Figures reveal only 80 variations at Cardiff as Holyrood comparisons deemed unfair
The £49.3m new Welsh Assembly building involved under 100 design changes during its construction, compared to the 15,000 that blighted the £430m Scottish Parliament building.
Figures revealed to QS News by the building's project manager TPS show a much more tightly disciplined project, built under a D&B contract, than the Holyrood job. The latter scheme was built under a construction management contract and faced severe cost overruns.
The figures show that around 80 project manager instructions were issued during building. A quarter of these were value engineering changes while the rest related to integrating the IT equipment and services into the building.
The figures came as the scheme's client and the project team defended claims that the project was more expensive than the Scottish parliament building in terms of pounds per square metre. A source at the team stressed that the comparison was unfair as the Welsh Assembly was only the public face of the parliament, with no offices, in contrast to the Scottish job. "This was the jewel of the complex while the Scottish parliament was the whole development," the source said.
The Welsh building opened to the public last week and is due to be officially launched on St David's Day on 1 March.
A consortium led by Taylor Woodrow and including the original architect Richard Rogers Partnership, signed the D&B contract in early 2003. The price was set at just over £40m although this included extra contingency funds, some of which are expected to be used up by the client.
TPS worked with QS Northcroft on the project.
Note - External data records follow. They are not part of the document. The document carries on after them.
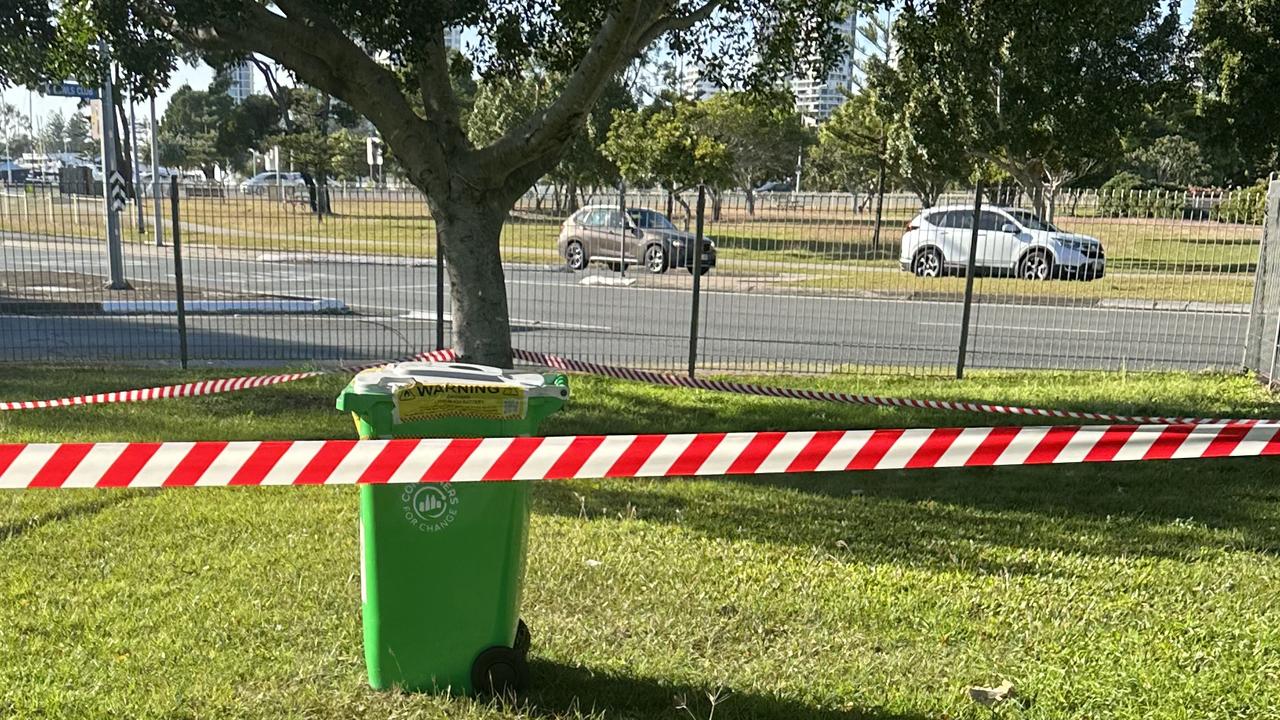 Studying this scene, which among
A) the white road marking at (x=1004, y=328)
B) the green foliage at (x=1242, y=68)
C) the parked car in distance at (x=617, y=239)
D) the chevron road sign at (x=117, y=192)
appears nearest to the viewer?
the white road marking at (x=1004, y=328)

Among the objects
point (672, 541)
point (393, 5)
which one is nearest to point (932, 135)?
point (393, 5)

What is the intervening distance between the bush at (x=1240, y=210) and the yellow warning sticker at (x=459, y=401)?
9.49 metres

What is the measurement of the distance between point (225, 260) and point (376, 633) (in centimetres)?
1108

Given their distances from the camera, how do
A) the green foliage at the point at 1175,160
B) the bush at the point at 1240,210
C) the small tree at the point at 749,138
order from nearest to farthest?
the bush at the point at 1240,210, the small tree at the point at 749,138, the green foliage at the point at 1175,160

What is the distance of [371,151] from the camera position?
41438mm

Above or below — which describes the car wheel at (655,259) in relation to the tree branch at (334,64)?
below

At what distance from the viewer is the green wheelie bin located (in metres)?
3.31

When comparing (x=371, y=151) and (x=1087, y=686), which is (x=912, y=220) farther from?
(x=371, y=151)

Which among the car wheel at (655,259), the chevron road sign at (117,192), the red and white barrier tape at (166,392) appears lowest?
the red and white barrier tape at (166,392)

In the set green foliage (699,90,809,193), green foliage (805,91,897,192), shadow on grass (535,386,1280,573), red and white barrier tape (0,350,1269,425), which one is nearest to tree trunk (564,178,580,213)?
green foliage (699,90,809,193)

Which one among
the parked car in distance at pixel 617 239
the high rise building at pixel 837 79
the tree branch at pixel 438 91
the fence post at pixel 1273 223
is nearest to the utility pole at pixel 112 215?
the parked car in distance at pixel 617 239

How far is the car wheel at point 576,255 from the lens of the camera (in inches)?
806

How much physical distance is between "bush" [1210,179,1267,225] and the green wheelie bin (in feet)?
30.8

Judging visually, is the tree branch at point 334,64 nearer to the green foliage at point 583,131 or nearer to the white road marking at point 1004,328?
the white road marking at point 1004,328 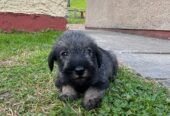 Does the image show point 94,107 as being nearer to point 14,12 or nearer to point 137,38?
point 14,12

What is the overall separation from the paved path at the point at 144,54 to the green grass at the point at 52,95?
512 millimetres

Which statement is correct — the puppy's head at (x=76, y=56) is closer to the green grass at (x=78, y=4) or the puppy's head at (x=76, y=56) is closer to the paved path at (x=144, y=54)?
the paved path at (x=144, y=54)

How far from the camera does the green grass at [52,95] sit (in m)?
4.99

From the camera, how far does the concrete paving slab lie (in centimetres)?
724

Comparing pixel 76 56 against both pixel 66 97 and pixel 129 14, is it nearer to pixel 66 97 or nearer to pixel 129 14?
pixel 66 97

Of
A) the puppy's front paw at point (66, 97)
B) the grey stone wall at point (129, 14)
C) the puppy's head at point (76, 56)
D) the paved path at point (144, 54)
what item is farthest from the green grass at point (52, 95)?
the grey stone wall at point (129, 14)

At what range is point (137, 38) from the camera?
12.6 metres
Northcroft's team included director Stewart Pitteway, final account surveyor Wayne Ganderton, cost planning director Graham Grabski, cost planning surveyor Julie Wood and M&E specialists John Gray and Mike Omasta. Pitteway said he was proud of the project and "what we had done to get it delivered".
• QS News understands the final account for the £430m Scottish Parliament building will not be completed until May. The account was expected to be finished by the start of this year.